The image in this post is a metaphor for what this year is all about so far: the Work Around.
Let me explain:
I know that the ideal way to wear a Nike is to wear a sock that is intact. However, on the 3rd day of school I arrived with my right foot seemingly bound like a geisha’s. Upon examination during my prep period, I realized that I had somehow grabbed my 7 year-old’s sock and threw it on in my haste to get out the door quickly. So what did I do to solve this uncomfortable problem? I cut the top of the sock off. I made it wearable, sure. But it also looked ugly behind the scenes and still made for a sweaty-foot-kinda-day. My new shoes impressed, but if you had just pulled back the curtain by one layer, you would have seen the MacGyvering necessary to get through the day without doing serious orthopedic damage.
This experience has suddenly, for me, become a metaphor for our start of the year and all the work arounds needed to just seem like we were ready for the opening of school. I don’t know what happened, but I assure you, the teachers were prepared. Our rooms were ready, many were thematic and created an exciting environment of learning to come. Our policies were clear, ready to be presented and practiced during our first few days. Our routines and rules ready for unveiling. Many, if not most, had come in early to prepare our spaces and our curriculum in order to start teaching from the starting line of that first day.
Unfortunately, it seemed everything beyond our rooms, and much of what was beyond our control or the control of our school/district, was less-than-ready. Workbooks, textbooks, supplies, emergency handouts, student agendas, the attendance program, the grading program, even in many cases, student schedules themselves…all of them glitchy and had balls dropped in one kind or another. Some was budgetary, some the victim of faulty prioritization.
For whatever reason, the whole school, knowing how important those first few days were, designed Work Arounds. It’s not ideal, and with a mere glance around the curtain, one could see the hamsters that were the teachers and admin running on the wheels and keeping things afloat.
Look, it isn’t that educators shouldn’t always have a Plan B in their pockets. But there is a contract with our districts, with our states, and with our federal government, that we won’t have to function on Plan B, C, & D and still be held accountable for the level of success we want to provide. It’s like pitching a program that costs X-amount of money, that’s research-based and proven successful, and being given the green light, only to be told that you have only 1/3 of the money necessary to launch the program.

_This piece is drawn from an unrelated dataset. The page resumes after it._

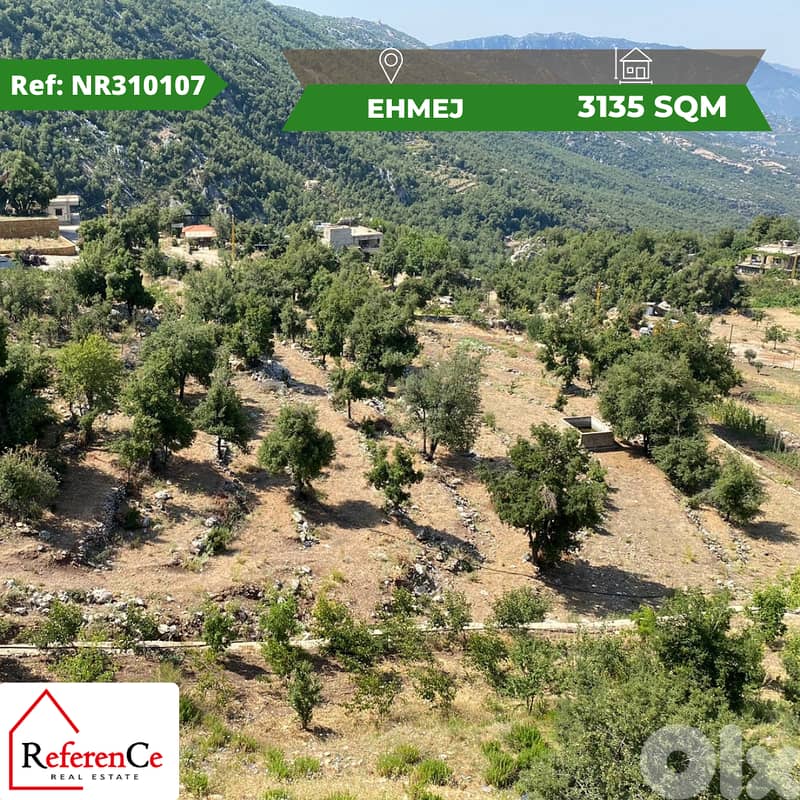 Hot Deal Land for sale in Ehmej أرض مميزة للبيع في اهمج 0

Then, you’re told the plug was pulled because the program didn’t prove AS successful as stakeholders had hoped.
In the era of the Work Around, I have to ask: should schools who aren’t given the budgets or the authority to make changes in procedures, staff, and line items be held accountable for ideal results? Additionally, should teachers who are forced to function in Work Arounds be held accountable for ideal results? Taking this a step further, many have already questioned the lack of ideal circumstances students find themselves in (be it from poverty or abuse, etc…), and whether they too can, on a mass scale, produce the ideal results we all wish for. We all continue to try, we all continue to peddle on a bike like Gilligan himself, generating electricity from our own muscles and sweat, but at what point is it too much to ask?
For those educators who find themselves being taken for granted for covering up all-too-well the imperfections of The Work Around, I’m not sure what to say. We can’t NOT do what we do as well as we can. We can’t see the wine bottle topple over onto the white carpet and NOT reach for it in good conscience simply because society assumes we’ll be there to grab it. Otherwise, we become the villains. But we do have a responsibility to let people know that The Work Around Plan D is becoming the go-to reality known as Plan A.

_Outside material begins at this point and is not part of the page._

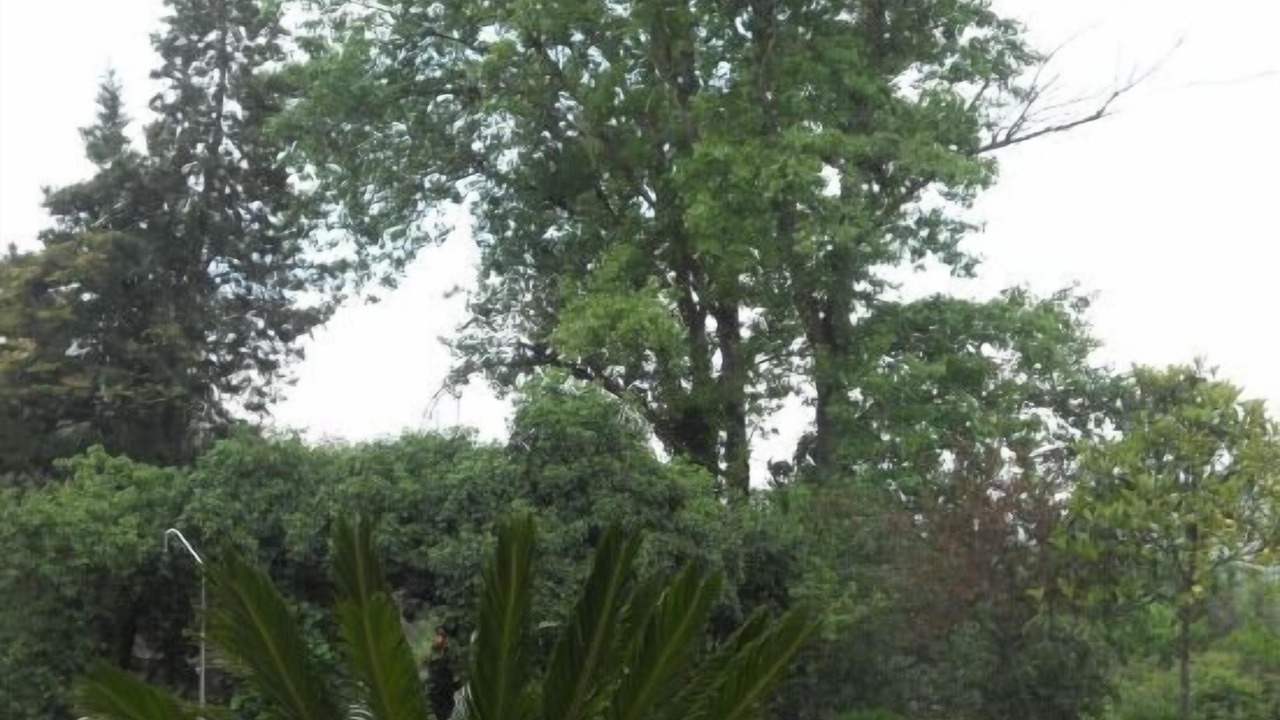 Photo of Outdoor in Carcabuey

The start of the year is important. We all know that. It sets the tone of the year for classroom management, the craziness that can be the front office, and of course, student achievement itself. But students smell blood in the water immediately if they sense scrambling. Even the most flexible of teachers know how important the first few days can be. But here’s the thing: there are only so many work arounds in one’s pocket before that pocket becomes empty and the brain is tapped out. You need some time to regroup and regain your manna so you can design work arounds on the fly again. However, if the need to design work arounds hits you again and again and again, you never get that opportunity to recharge.

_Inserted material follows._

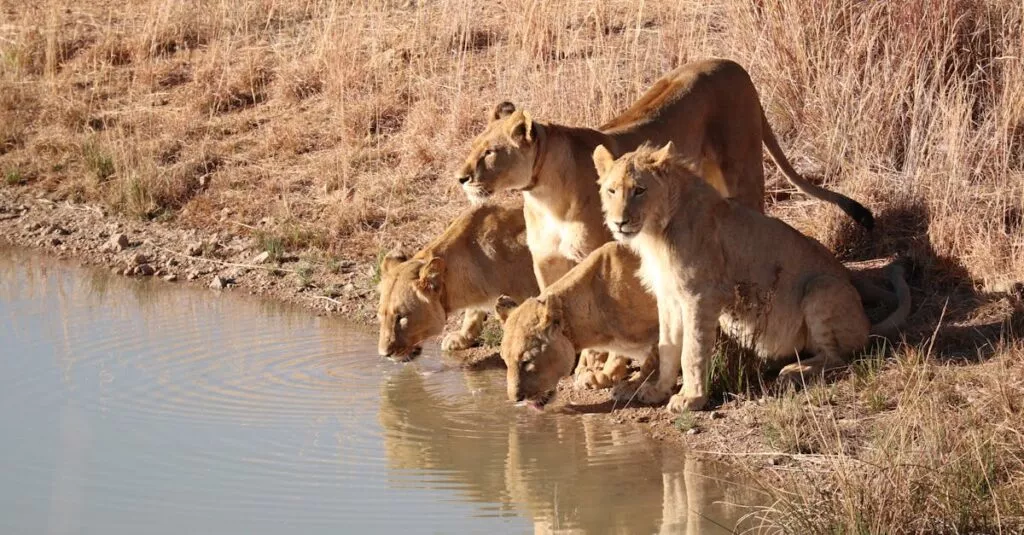 Downloaded Image71f2296b0c69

Be it teachers or schools or districts…they cannot function indefinitely in The Work Around.
I’m sure that’s what it feels like as an admin with few resources. And I know that’s what it feels like as a teacher who shows up to work without some of the key elements needed to teach in place. And in our business, the deep concern is that if schools and teachers are forced to function in Work Around conditions, then our student and family clientele will also come up with their own Work Around…jumping ship.